Philip Hosken Fernandez

Personal information
- Full name: Philip Hosken Fernandez
- Date of birth: 1854
- Place of birth: Madras, British India
- Date of death: 13 August 1932
- Place of death: Monkton Combe, Somerset
- Position(s): Right-wing

Senior career*
- Years: Team / Apps / (Gls)
- 1874–77: Oxford University

= Philip Hosken Fernandez =

English footballer (1854–1932)

The Rev. Philip Fernandez was a footballer who played in the 1877 FA Cup final for Oxford University.

==Early life==

Fernandez was the eldest son of Thomas Francis of Madras, where he was born in 1854; by 1861 the family was back in England. He was educated at Westminster School, which was an early adopter of association laws.

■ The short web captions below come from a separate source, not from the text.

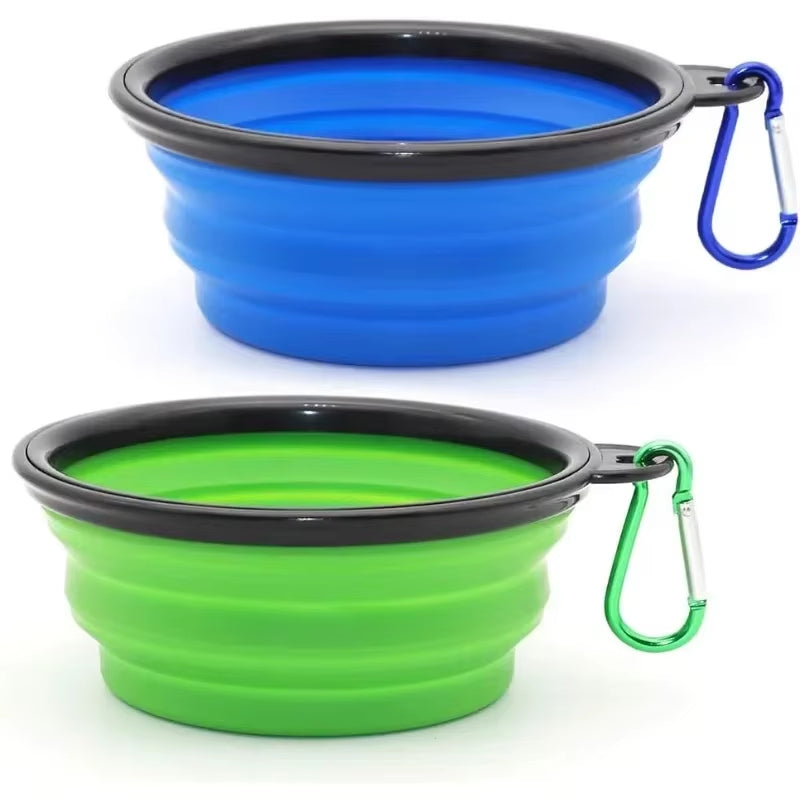 2 Pack Collapsible Dog Water Bowls for Cats Dogs, Portable Petfeeding Watering Dish for Traveling with 2 Carabiners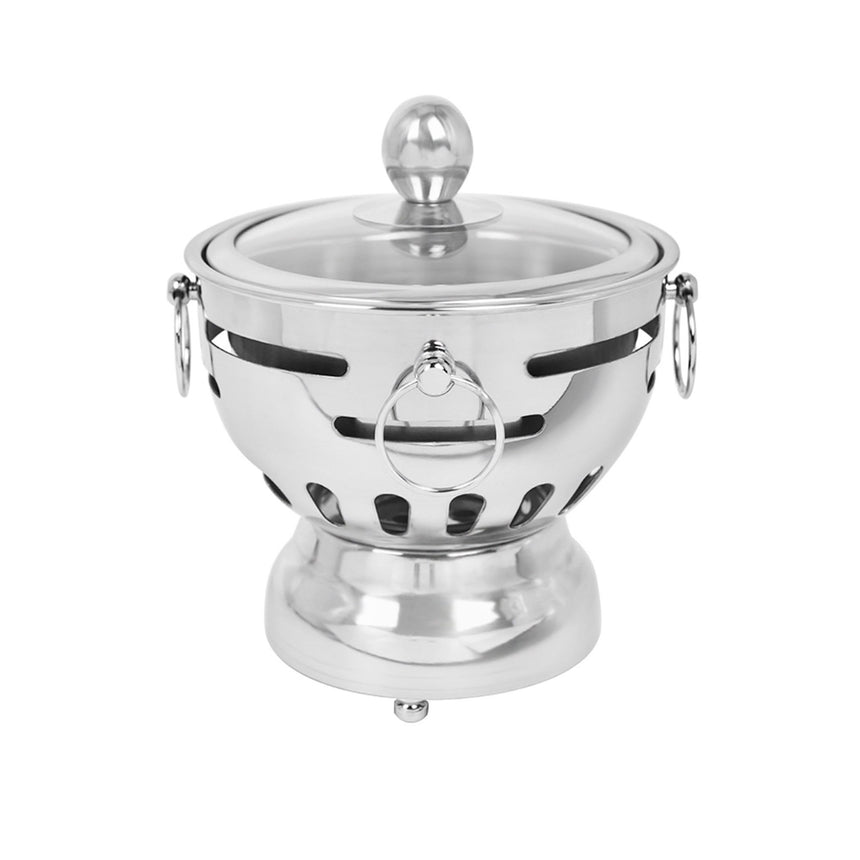 Soga Round Stainless Steel Single Hot Pot with Glass Lid 18.5cm Set of 2 - Image 02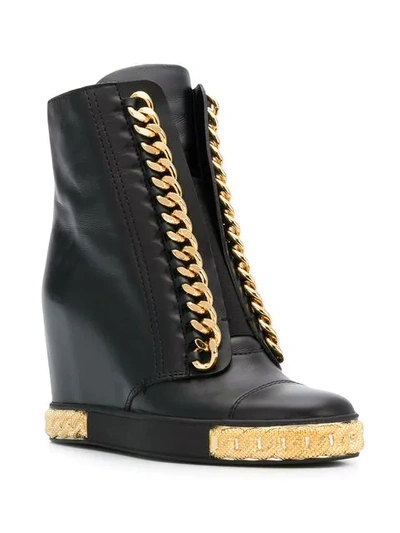 Shop Casadei Chain Embellished Wedge Sneakers In Black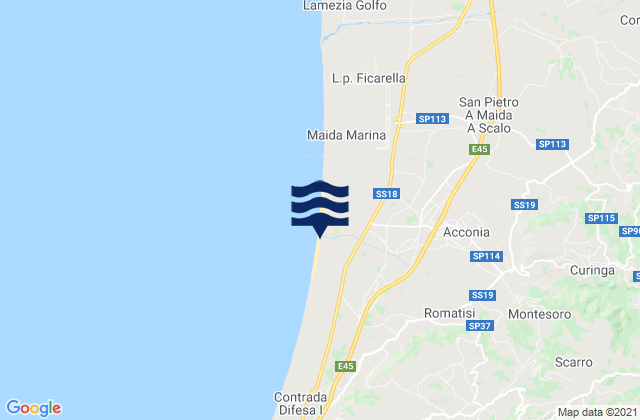Mapa da tábua de marés em Curinga, Italy
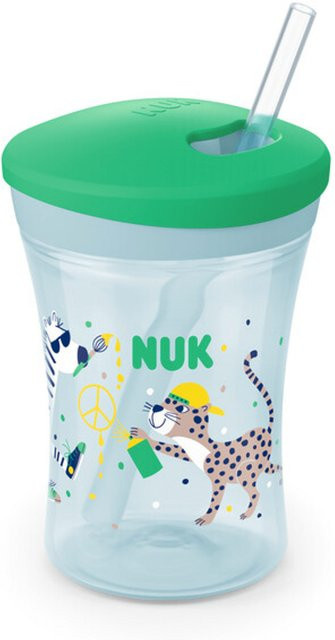 NUK Action Cup mit Strohhalm in Grün, auslaufsicher und aus Silikon sowie Polypropylen - Bild 1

He represented the school at the Winchester code of football against London Wykehmanists, and College against the Commoners in the "fifteens", in 1871. He also represented the college at cricket.

In 1873, he went up to Trinity College, Oxford; he took his Bachelor of Arts in 1877 and his Master of Arts in 1880.

==Football career==

Fernandez first appeared for the Oxford University A.F.C. in February 1874, in a 2–1 win over a Gitanos side featuring many Wanderers players. He was not a regular University player, making his first competitive appearance in a 2–1 win in the 1874–75 FA Cup third round win over the Wanderers. He kept his place for the ties against the Royal Engineers at the semi-final stage, playing as a right-side forward.

His only appearance in the 1875–76 FA Cup was in the surprise fourth round defeat to the Old Etonians, although he did appear in the Varsity match for the only time that season; despite Oxford being down to 10 men through injury for much of the match, the Dark Blues beat Cambridge University 4–1. Fernandez clinched the victory with the fourth goal ten minutes from time, "mugging" the Cambridge backs, who had paused, assuming there would be a claim for hand-ball made against them.

In the 1876–77 season, he only played twice, both times in the 1876–77 FA Cup; the first time in the replay win over Upton Park at the Kennington Oval in the last 5 stage, and the second time in the final defeat to the Wanderers, again on the right, with captain Edward Parry. His graduation made him ineligible for the university side afterwards, and there is no record of him playing football again at any reportable level.

==Post-university==

In 1882 he became the assistant-master of Uppingham School. In 1886 he was ordained as a Church of England vicar, and was first sent to South Africa, where until 1897 he held curacies in Maritzburg and Natal. From 1912 to 1918 he was the vicar of Hewelsfield in the diocese of Gloucester, and from 1918 to 1926 of Dewsall in the diocese of Hereford. From 1927 to 1932, he lived in Monkton Combe, in Somerset, where he died of pneumonia following a bout of sunstroke. He left a widow, Annie (née Leighton), whom he married in Hewesfield in 1913.